This review follows the prior review X-Men, G-Men, X-Files, Gee Whiz!
The Children of Darwin, a utopian terrorist organization of super-gifted genetic savants, manages to paralyze three major American cities. Nick Cooper, a former government agent whose fearlessness brought down an administration, gets drafted by the new President to help halt the escalating violence. But when he uncovers his own inadvertent responsibility, high office cannot shield his conscience. With two beautiful women’s aid, Cooper must go off the grid to resist the growing grip of anarchy.
Marcus Sakey’s prior book, Brilliance, combined science fiction, spy thriller, and political intrigue in ways that made readers re-evaluate the familiar stereotypes. It kept readers guessing, constantly throwing everything we thought we understood into doubt. Sakey tries to repeat that volume’s success, but in exactly the same way, meaning repeat readers will spot alleged twists a mile away. We start to wonder: if we saw that coming, why did Cooper, a supposed supergenius, get snookered?
Beginning around 1980, a generation of virtuosos was born, the so-called Brilliants. Less charitable citizens call them “abnorms” or “twists,” and their extreme mental abilities have earned them lasting enmity. Sakey established this backstory in his first volume, and briefly restates it here, so new readers can jump in cold. Sakey also established an important truth for Cooper, his viewpoint antihero: as Motown taught us, smiling faces tell lies. Sadly, Cooper appears a slow study.
Reviewing espionage thrillers provides unique challenges, because the elaborate, cantilevered plots are vulnerable to spoilers. So rather than recounting the plot, I’ll share my responses. Like first, conspiracy theories depend on the expectation that large groups essentially function much like small groups. Except they don’t. As Benjamin Franklin wrote, “Three can keep a secret, if two of them are dead.” Sakey’s entire plot would collapse if one terrorist sympathizer simply had an attack of conscience.
Worse, Sakey attempts the exact narrative twist-n-shout his first novel played well. Twice in the first novel, Cooper realized everything he believed was wrong. He’d committed acts of extreme violence, to support what he later learned was a lie. It shocked us once. This time, when he repeats the kind of strongarm tactics that America should’ve abandoned following revelations of Abu Ghraib, Cooper just looks thick. We await the big reveal Cooper frankly should’ve anticipated.
Near the midpoint, Cooper bridles when his sometime girlfriend, a terrorist moll herself, calls him “a stormtrooper.” But she’s not wrong. Cooper uses kidnapping, intimidation, and violence to support his vision of rectitude, treating law as an impediment to weaklings. He evidently believes that, if he’s morally right, any action, however anarchistic, is perforce justified. This Nietzschean bosh-and-twaddle might hold water in John Birch meetings, but regular Americans will recognize it for garden variety fascism.

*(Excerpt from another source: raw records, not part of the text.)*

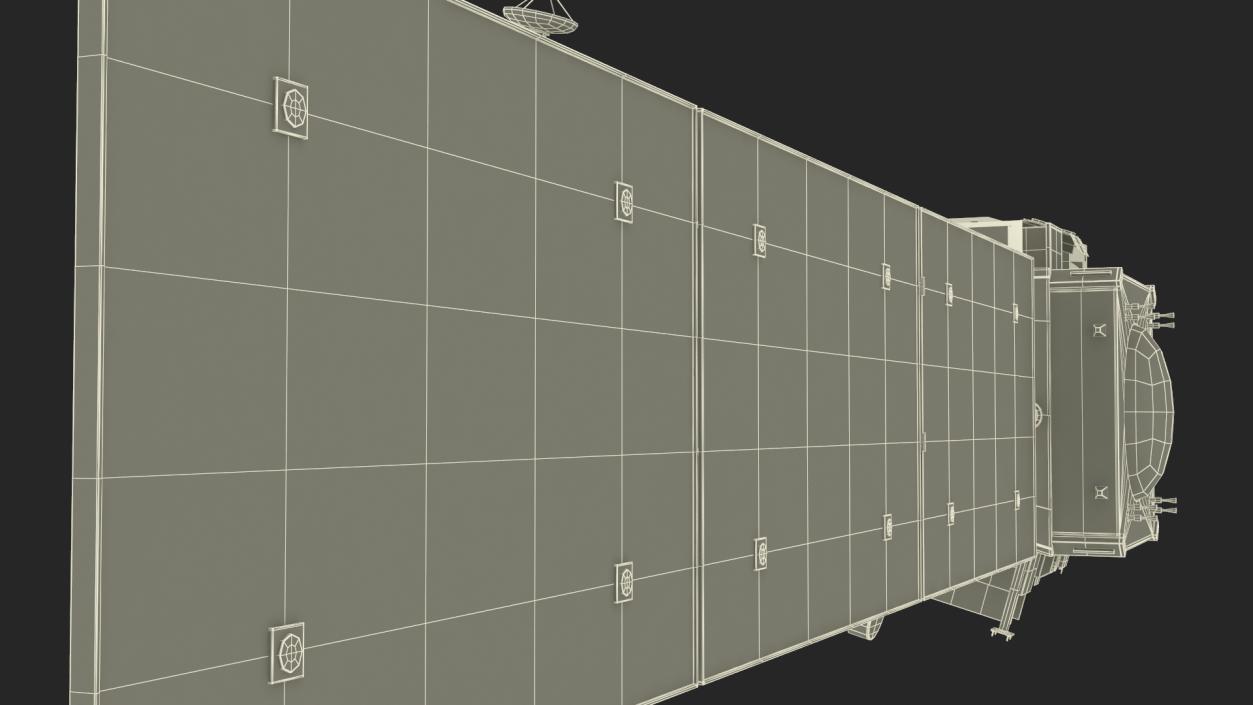 Satellite with Solar Panels 3D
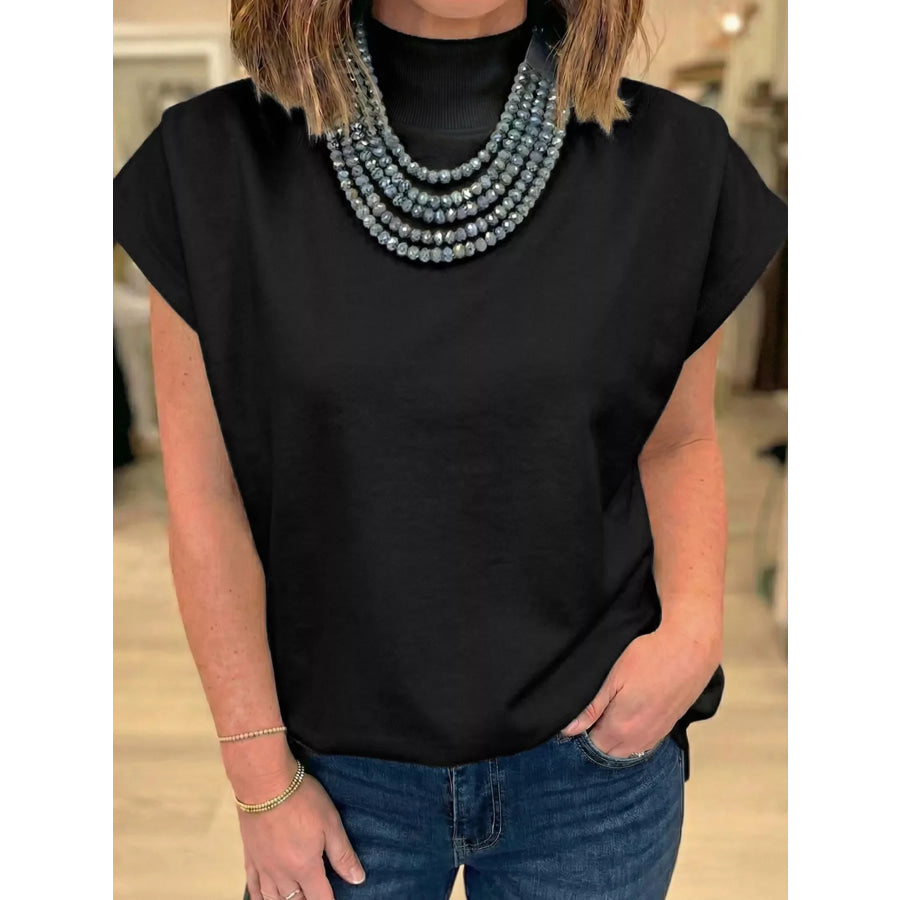 Mock Neck Cap Sleeve Blouse Apparel and Accessories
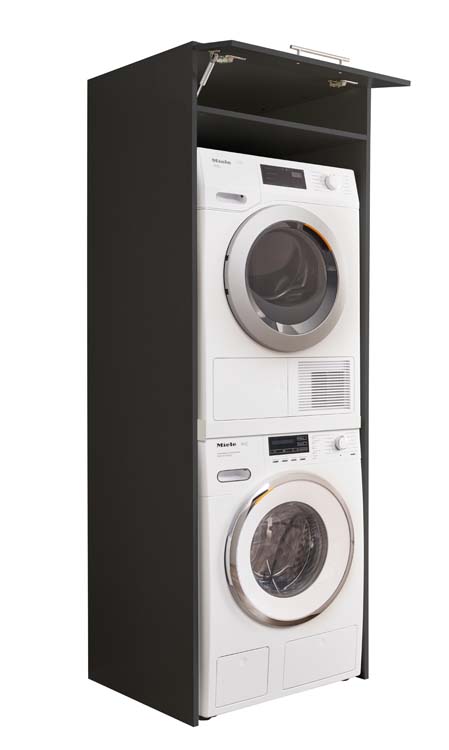 Wasmachine kast Decowash - voor 2 toestellen - antraciet - 67,5x200x67,5cm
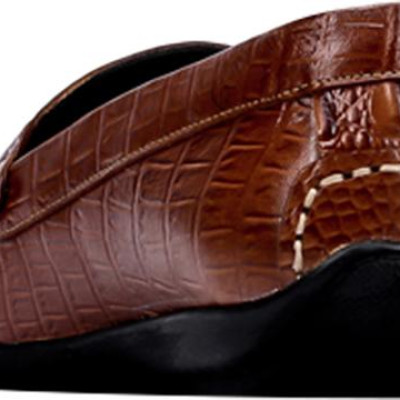 Giày Tây Nam Vân Cá Sấu Huy Hoàng HT7129 - Nâu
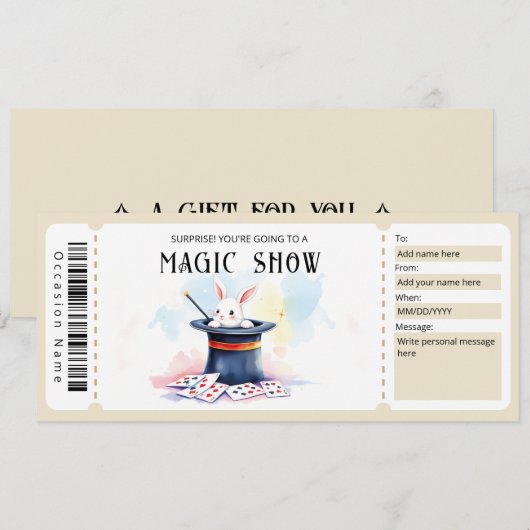 Magic Show Gift Certificate Template 招待状 (正面/裏面)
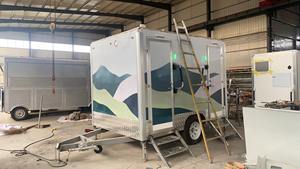 Recentemente europeo Sandbeach Mobile prefabbricato rimorchio da bagno portatile modulare servizi igienici mobili per campeggio partito fatto pannello Sandwich - Product Image 2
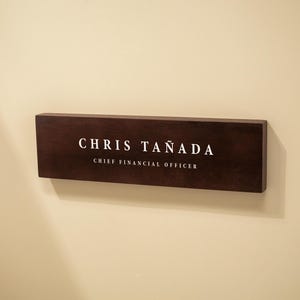 Stick On Wood Wall Name Plate (D1) - Personalized Door Office Sign New Job Room Label CEO Boss Staff Teacher Corporate Promotion Gift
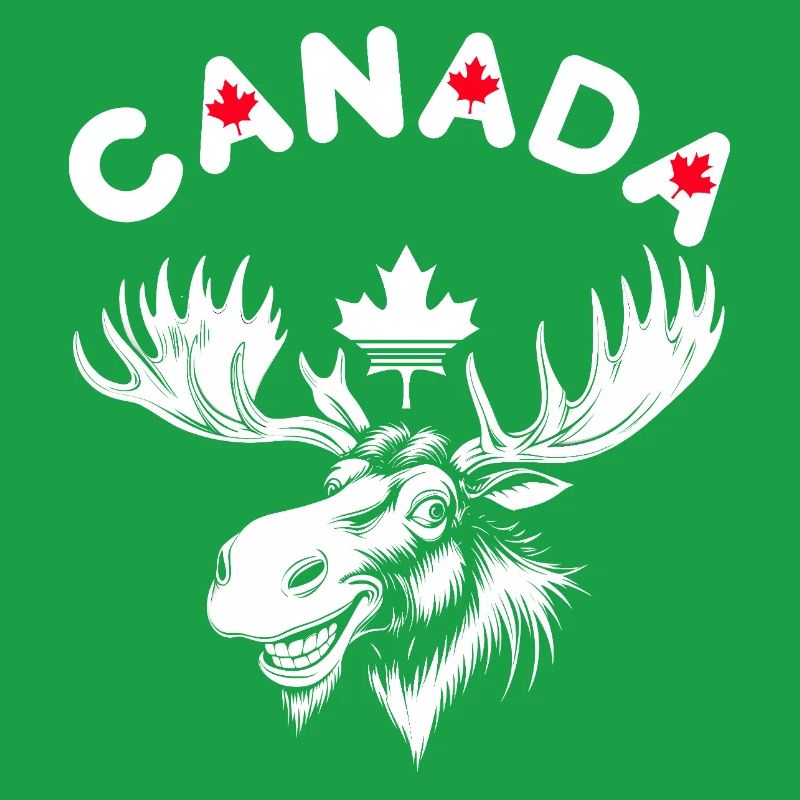 Dessin d’un orignal canadien avec des feuilles d’érable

Nor is Cooper alone in this attitude. Elsewhere, several ranking bureaucrats loiter around the Oval Office, watching riots unfold in Cleveland. They repeatedly blame the Children of Darwin for the escalating violence, claiming it legitimizes posse comitatus civil crackdowns. But whatever the original cause, the COD didn’t proximally start these riots; they began when police fired tear gas into crowds of unarmed protesters. When this happened in Tahrir Square, the developed world was justifiably outraged.
In a parallel narrative, geneticist Ethan Park, his wife, and their daughter, attempt to flee a Cleveland increasingly beset by violence, starvation, and paranoia. Sakey establishes immediately how much we should like Ethan because, in his first scene, he can’t buy baby formula. Everything goes from bad to worse for the Parks, a cascade of constant heartbreak and catastrophe. Ethan’s tale follows the beat breakdown in Save the Cat!, Blake Snyder’s annoyingly ubiquitous screenwriting guide.

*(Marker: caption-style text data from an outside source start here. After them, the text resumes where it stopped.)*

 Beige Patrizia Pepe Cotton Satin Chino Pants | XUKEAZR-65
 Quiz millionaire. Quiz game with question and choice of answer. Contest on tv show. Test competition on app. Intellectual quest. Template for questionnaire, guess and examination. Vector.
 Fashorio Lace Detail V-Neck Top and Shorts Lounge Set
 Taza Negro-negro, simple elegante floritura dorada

I hesitate to say what comes next, but I must: Sakey’s narrative precisely embodies the kind of separatist phobia that propagates in mass media like shower curtain mold whenever a Democrat is elected President. Whatever Sakey’s personal politics (which I don’t know), the extreme anti-government sentiment and lone-wolf moralism feel familiar, from The X-Files during the Clinton years to The Fugitive during Camelot. Coupled with Snyder’s beat breakdown, Sakey’s story plays to existing media-driven paranoia.

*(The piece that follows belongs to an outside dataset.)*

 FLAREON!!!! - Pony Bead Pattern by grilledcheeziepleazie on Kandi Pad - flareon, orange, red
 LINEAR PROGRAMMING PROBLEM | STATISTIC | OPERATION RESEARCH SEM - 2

Between his totalitarian philosophy and store-bought narrative arc, Sakey manages to undermine all goodwill he purchased with this series’ first volume. If I gave you that first book, Snyder’s guide, and any randomly selected season of Kiefer Sutherland’s popular right-wing action series 24, you could write this book yourself. Sakey’s first volume managed to set high standards in an admittedly repetitive genre, upending wheezy old boilerplates. This second volume embodies everything the first volume demolished.